Introduction: IgA nephropathy is the most common glomerulonephritis in the world.

Objectives: In this study we aimed to find the relationship between morphological lesions of Oxford classification for IgA nephropathy with clinical findings and some laboratory data.

Patients and Methods: All kidney biopsy conducted from 2009 to 2019 conducted in medical centers and were sent to a reference laboratory in Isfahan. All kidney biopsies included two samples for immunofluorescence and light microscopy. After definitive diagnosis of IgAN (IgA nephropathy), the slides were examined to classify the disease based on the Oxford-MEST (M; mesangial hypercellularity, E; endocapillary hypercellularity, S; segmental glomerulosclerosis, and T; tubular atrophy/interstitial fibrosis and also C; crescent) classification.

Results: Our study on 238 biopsy proven IgA nephropathy patients showed that 78 patients (32.8%) were male.

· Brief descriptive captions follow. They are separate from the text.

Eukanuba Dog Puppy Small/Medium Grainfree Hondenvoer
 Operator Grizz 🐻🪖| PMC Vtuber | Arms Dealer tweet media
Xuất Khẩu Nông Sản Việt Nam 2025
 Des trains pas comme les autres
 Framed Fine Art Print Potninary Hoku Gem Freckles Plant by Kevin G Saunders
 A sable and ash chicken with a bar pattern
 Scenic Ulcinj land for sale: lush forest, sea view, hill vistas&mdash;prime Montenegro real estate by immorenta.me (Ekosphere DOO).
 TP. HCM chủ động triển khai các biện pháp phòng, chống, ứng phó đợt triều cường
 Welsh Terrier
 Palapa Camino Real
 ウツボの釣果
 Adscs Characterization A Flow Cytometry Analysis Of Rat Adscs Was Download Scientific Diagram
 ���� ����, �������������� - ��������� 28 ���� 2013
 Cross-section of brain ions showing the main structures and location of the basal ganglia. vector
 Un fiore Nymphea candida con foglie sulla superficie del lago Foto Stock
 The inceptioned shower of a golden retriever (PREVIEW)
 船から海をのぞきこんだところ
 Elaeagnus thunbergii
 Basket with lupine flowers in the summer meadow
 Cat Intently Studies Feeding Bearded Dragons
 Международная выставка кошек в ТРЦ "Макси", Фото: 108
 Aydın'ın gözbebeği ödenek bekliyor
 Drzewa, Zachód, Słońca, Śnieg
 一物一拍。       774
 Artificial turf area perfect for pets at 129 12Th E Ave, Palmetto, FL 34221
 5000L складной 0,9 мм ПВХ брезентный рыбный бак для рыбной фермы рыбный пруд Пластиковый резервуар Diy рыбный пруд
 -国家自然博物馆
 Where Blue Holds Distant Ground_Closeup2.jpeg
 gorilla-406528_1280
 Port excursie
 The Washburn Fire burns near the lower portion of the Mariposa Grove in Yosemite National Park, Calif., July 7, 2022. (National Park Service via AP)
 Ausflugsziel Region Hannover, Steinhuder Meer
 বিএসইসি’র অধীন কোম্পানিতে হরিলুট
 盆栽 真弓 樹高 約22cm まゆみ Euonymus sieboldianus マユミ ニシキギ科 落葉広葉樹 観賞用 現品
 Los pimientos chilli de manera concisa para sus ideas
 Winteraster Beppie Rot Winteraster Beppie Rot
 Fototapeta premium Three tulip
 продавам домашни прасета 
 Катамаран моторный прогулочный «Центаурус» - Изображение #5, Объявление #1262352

Mean ± SD of age individuals was 38.00 ±13.68 years. The mean± SD of serum creatinine level was 1.42 ± 0.79 mg/dL and the mean ± SD of proteinuria was 1780.94 ± 1168.75 mg/d. Our study showed no significant association between M, E and S variables with patients’ age. However, a statistically significant relationship between T variable and patients’ age (P=0.028) was detected. Furthermore, morphologic variables of M, E and S were not significantly associated with proteinuria while T variable was positively associated with the quantity of proteinuria (P=0.021).

Conclusion: The association of tubular atrophy/interstitial fibrosis (T variable) with quantity of proteinuria showed significance of interstitial lesion on the prognosis IgA nephropathy.

Keywords: IgA nephropathy, Endocapillary hypercellularity, Extracapillary proliferation, Tubular atrophy/interstitial fibrosis, Crescent
Citation: Akhavansepahi M, Rafieyan M, Nasri H. Oxford MEST classification in Iranian patients with IgA nephropathy, with regards to extracapillary proliferation; a single center experience. J Prev Epidemiol. 2020;5(1):e14. doi: 10.34172/ jpe.2020.14.